DATA EXTRACT –
_ _ _

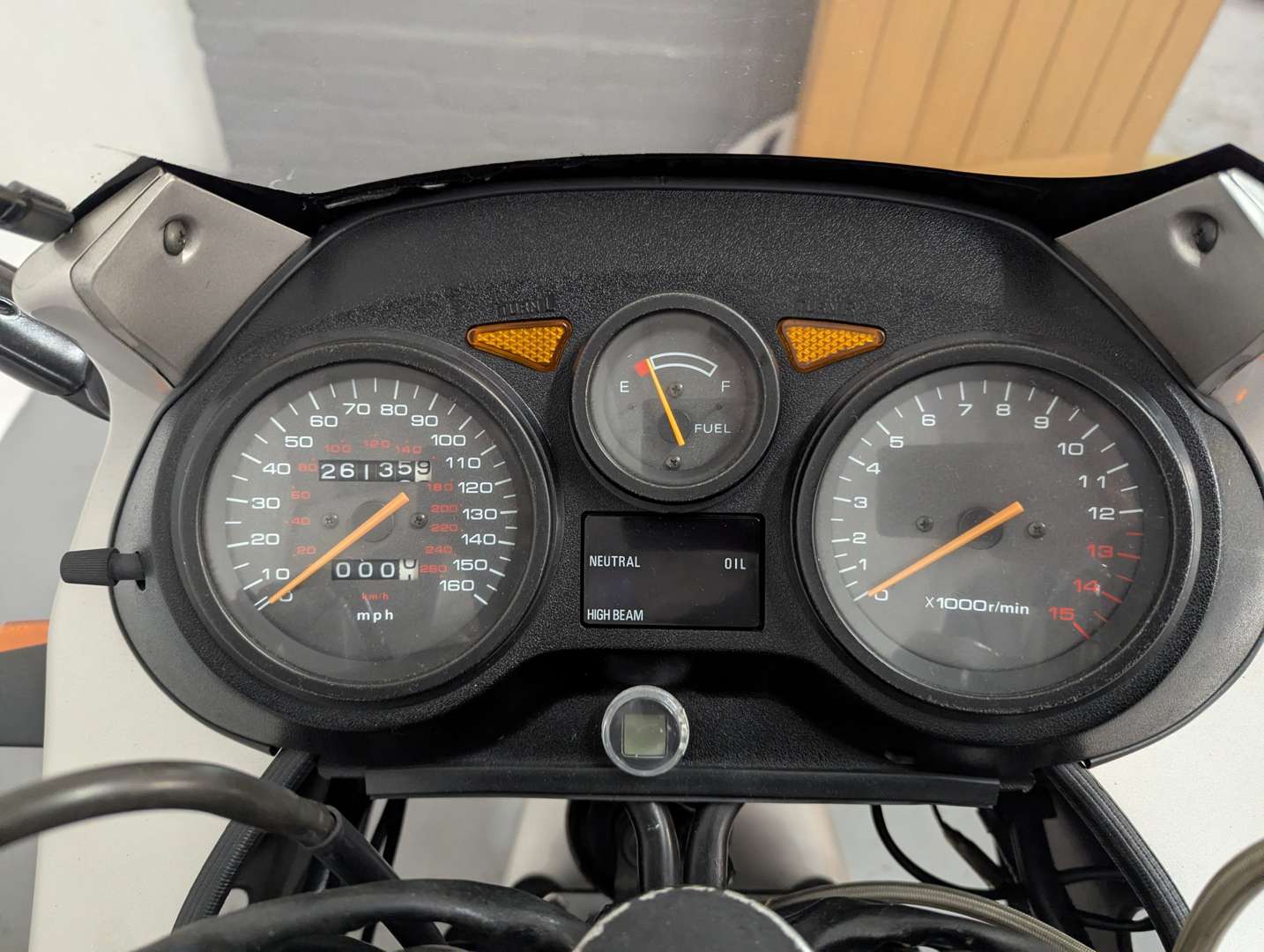 <p>1990 SUZUKI GSX 750F SLINGSHOT</p>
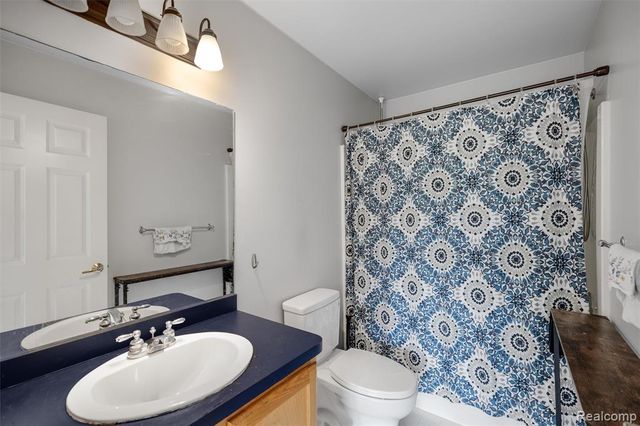 2795 Barclay Way, Ann Arbor, MI 48105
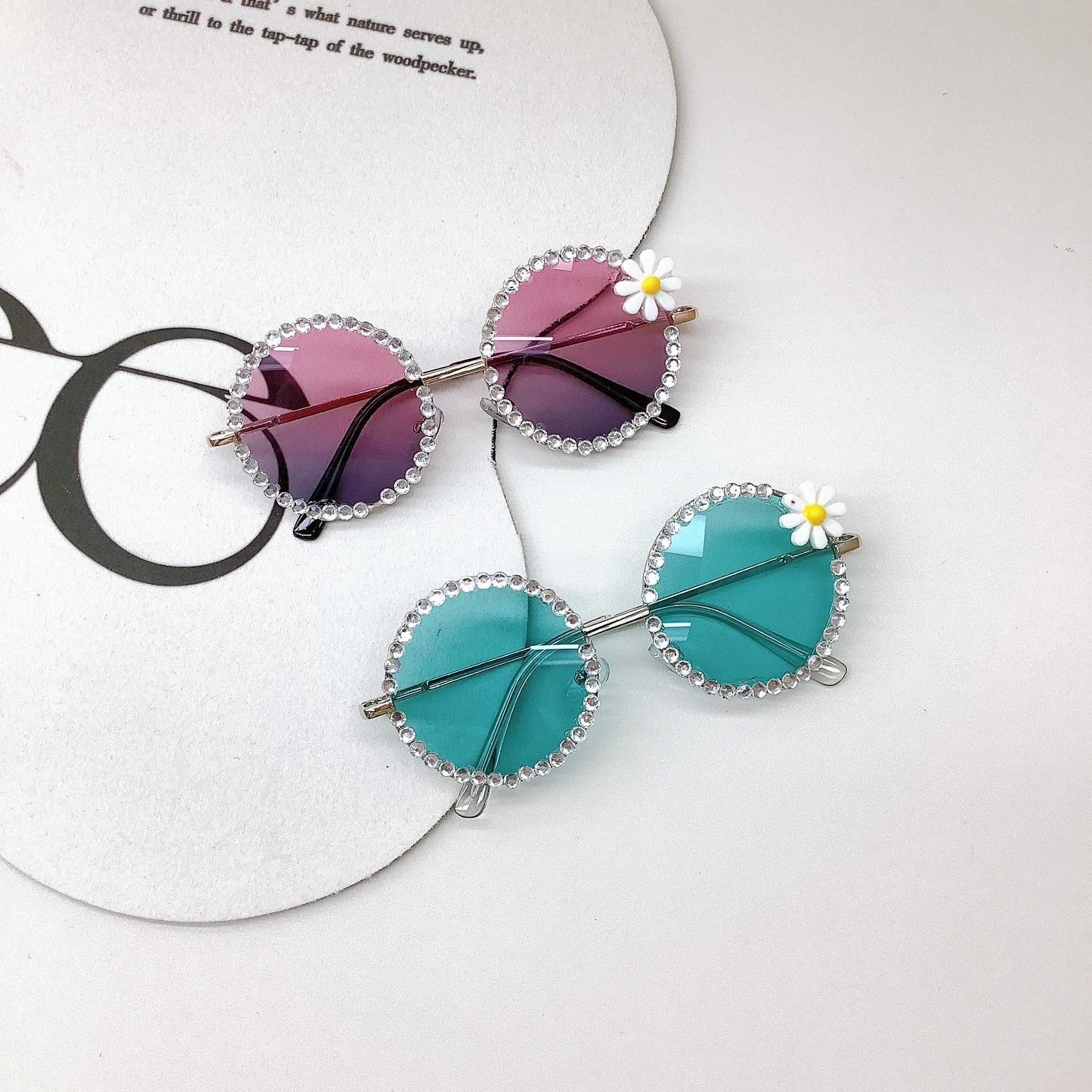 Sunglasses New Fashion Childrens Sunglasses Round Frame Cute Flower Baby Sunglasses Sun Shade UV Protection Glasses Tide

_ _ _

WHAT TO DO – Every line in the data above needs to be given again exactly, pictures aside.

EXERCISE ANSWER –
 <p>1990 SUZUKI GSX 750F SLINGSHOT</p>
 2795 Barclay Way, Ann Arbor, MI 48105
 Sunglasses New Fashion Childrens Sunglasses Round Frame Cute Flower Baby Sunglasses Sun Shade UV Protection Glasses Tide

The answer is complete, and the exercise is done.